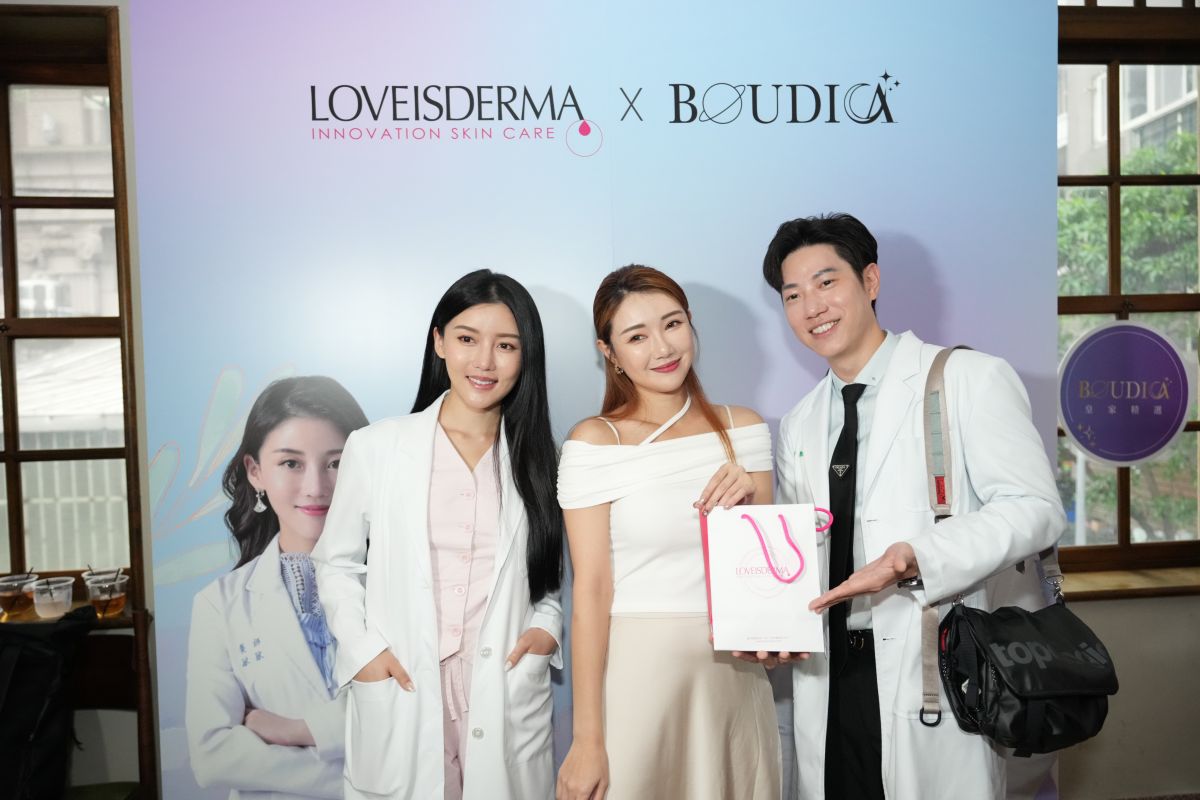 百位人氣創作者熱推!boudica皇家精選引領美肌保養新風潮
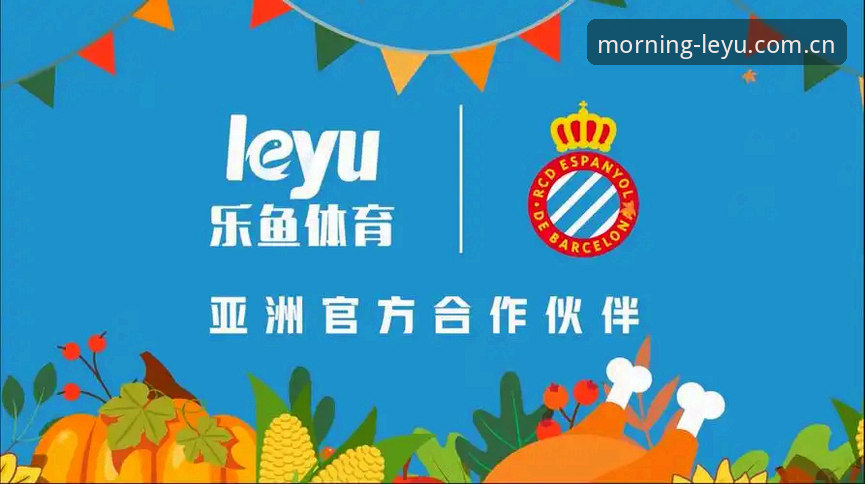 LEYU中国区好用吗？乐鱼体育平台晨间页面与赛事数据响应全解析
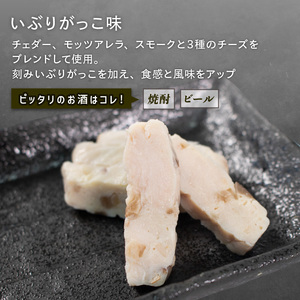 お酒と楽しむ サラダチキン チーズといぶりがっこ 10袋 小分け 鶏 とり 肉 チキン chicken meat 鶏肉 チーズ いぶりがっこ ダイエット 低カロリー タンパク質 簡単調理 惣菜 冷凍 お手軽 ごはん 夕飯 おかず おつまみ 晩酌 米 丼 アマタケ 大船渡 三陸 岩手県 国産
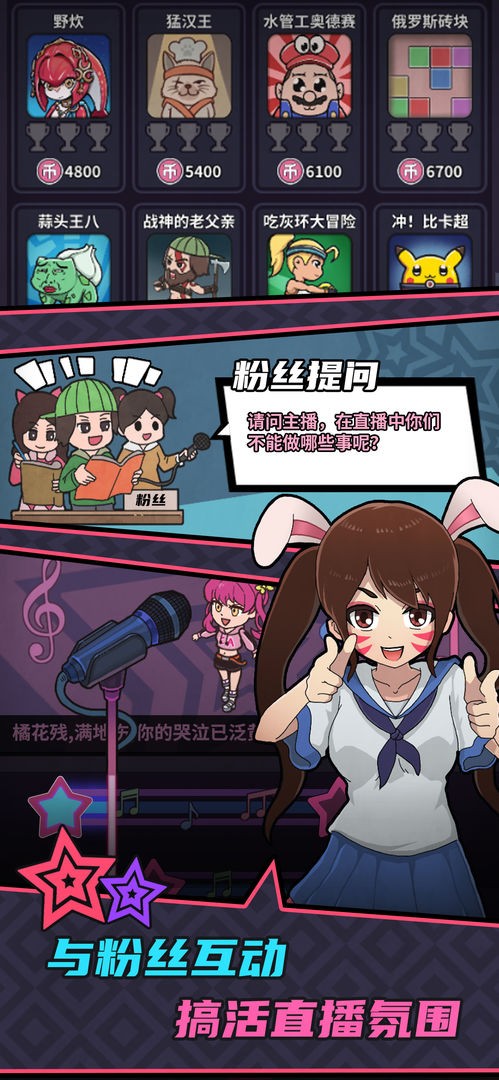 游戏主播模拟器破解版免费下载手机版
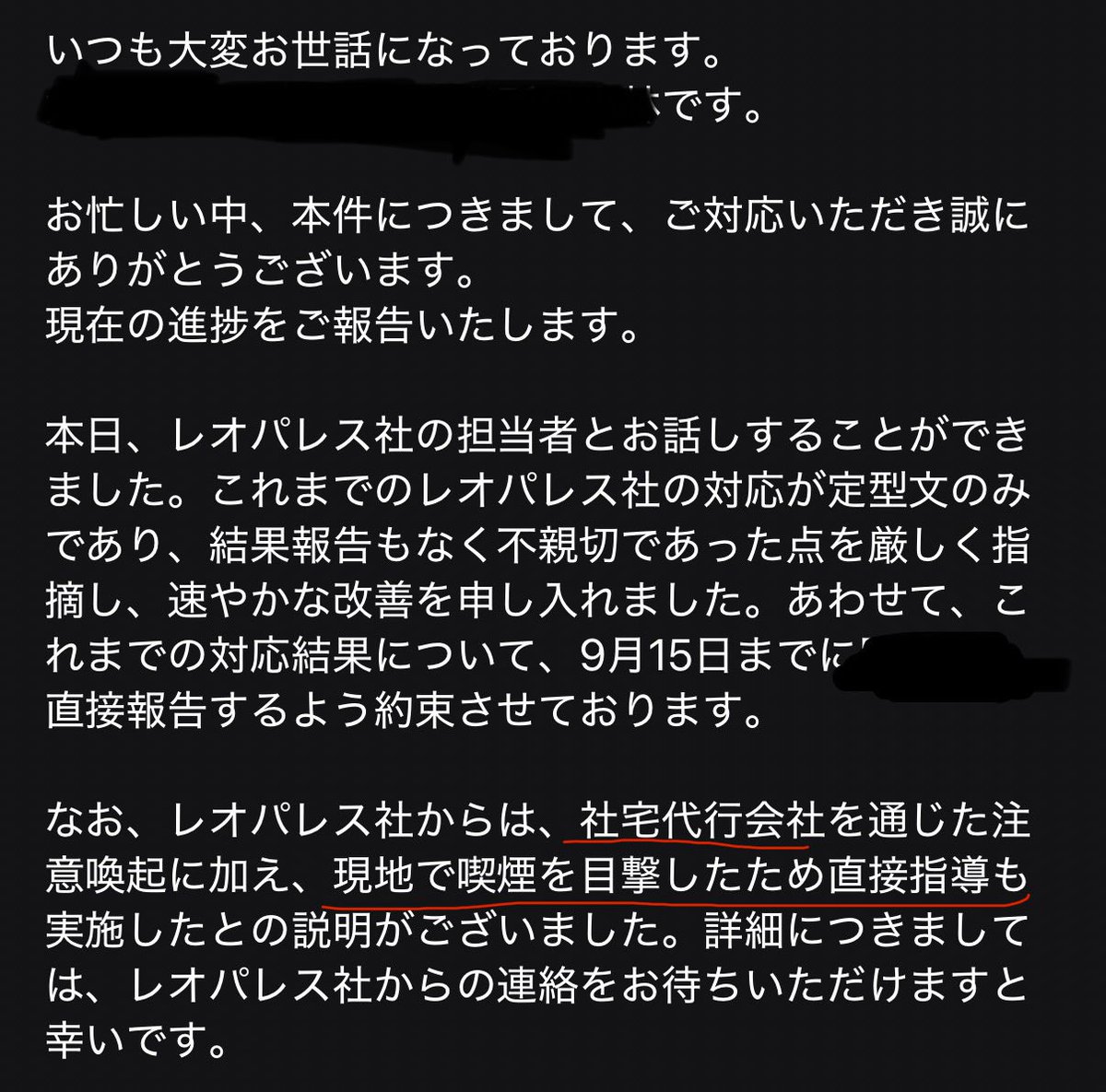saibabadayo's tweet photo. 【レオパレスの実態】今年６月からガスメーターの中に灰皿を起き、パイプ椅子を持ち出して常習的にガスメーターの前で喫煙する外国人がいる。危険すぎてうちの管理会社からも何度も抗議してもらった。さらにガス会社、消防、警察、役所全て周知の事実になった。レオパレス側も〝通訳を連れて直接注意した〟〝代行社員も現場で喫煙を目撃した〟と返答した。

なのに注意しました、の次の日がこれ※写真１枚目※パイプ椅子に座ってまた堂々とタバコを吸ってる。 〝ニホンゴワカラナイヨ〟と言い訳できないよう通訳付きで注意した履歴があるのに、全く反省反省する気皆無。完全なる確信犯。 しかも、レオパレス側代行者が直接現行犯で喫煙を目撃しているのに、3ヶ月に渡り〝注意します〟で終わり。ガス管の真横だよ？爆発したら周囲の建物を巻き込んで大惨事になる。 レオパレスの注意も1ミリも効果がない状態であるにもかかわらず、未だに「また確認できたら注意します」の定型雛形文で終わらせるレオパレス21の安全管理体制は🔥危機管理意識が完全に欠如している🔥と断ぜざるを得ない！熊本地震でLPガス爆発もあったように、爆発💥火災のリスクを予見していながら実効性のある対策をとらず放置するのは、管理会社として⚠️重大な善管注意義務違反⚠️危険行為の不作為の容認ではないか？とても賃貸管理戸数ランキング第4位の大手企業と言えない、極めてコンプライアンス意識が著しく低い怠慢企業としか思えない！！

これがレオパレスの闇と不良外国人の現実です。これで火災や爆発起きたらどう責任取るつもりなんでしょう。
※写真１永遠に喫煙をやめない外国人
※写真2レオパレスの怠慢の証拠メール
※うちの管理会社からの抗議メール
※喫煙をやめない証拠動画
#レオパレス
#大手企業の怠慢
#善管注意義務違反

# PROBLEM
Omit the pictures and set down the records exactly.

# SOLUTION TO THIS EXERCISE
 百位人氣創作者熱推!boudica皇家精選引領美肌保養新風潮
 LEYU中国区好用吗？乐鱼体育平台晨间页面与赛事数据响应全解析
 お酒と楽しむ サラダチキン チーズといぶりがっこ 10袋 小分け 鶏 とり 肉 チキン chicken meat 鶏肉 チーズ いぶりがっこ ダイエット 低カロリー タンパク質 簡単調理 惣菜 冷凍 お手軽 ごはん 夕飯 おかず おつまみ 晩酌 米 丼 アマタケ 大船渡 三陸 岩手県 国産
 游戏主播模拟器破解版免费下载手机版
saibabadayo's tweet photo. 【レオパレスの実態】今年６月からガスメーターの中に灰皿を起き、パイプ椅子を持ち出して常習的にガスメーターの前で喫煙する外国人がいる。危険すぎてうちの管理会社からも何度も抗議してもらった。さらにガス会社、消防、警察、役所全て周知の事実になった。レオパレス側も〝通訳を連れて直接注意した〟〝代行社員も現場で喫煙を目撃した〟と返答した。

なのに注意しました、の次の日がこれ※写真１枚目※パイプ椅子に座ってまた堂々とタバコを吸ってる。 〝ニホンゴワカラナイヨ〟と言い訳できないよう通訳付きで注意した履歴があるのに、全く反省反省する気皆無。完全なる確信犯。 しかも、レオパレス側代行者が直接現行犯で喫煙を目撃しているのに、3ヶ月に渡り〝注意します〟で終わり。ガス管の真横だよ？爆発したら周囲の建物を巻き込んで大惨事になる。 レオパレスの注意も1ミリも効果がない状態であるにもかかわらず、未だに「また確認できたら注意します」の定型雛形文で終わらせるレオパレス21の安全管理体制は🔥危機管理意識が完全に欠如している🔥と断ぜざるを得ない！熊本地震でLPガス爆発もあったように、爆発💥火災のリスクを予見していながら実効性のある対策をとらず放置するのは、管理会社として⚠️重大な善管注意義務違反⚠️危険行為の不作為の容認ではないか？とても賃貸管理戸数ランキング第4位の大手企業と言えない、極めてコンプライアンス意識が著しく低い怠慢企業としか思えない！！

これがレオパレスの闇と不良外国人の現実です。これで火災や爆発起きたらどう責任取るつもりなんでしょう。
※写真１永遠に喫煙をやめない外国人
※写真2レオパレスの怠慢の証拠メール
※うちの管理会社からの抗議メール
※喫煙をやめない証拠動画
#レオパレス
#大手企業の怠慢
#善管注意義務違反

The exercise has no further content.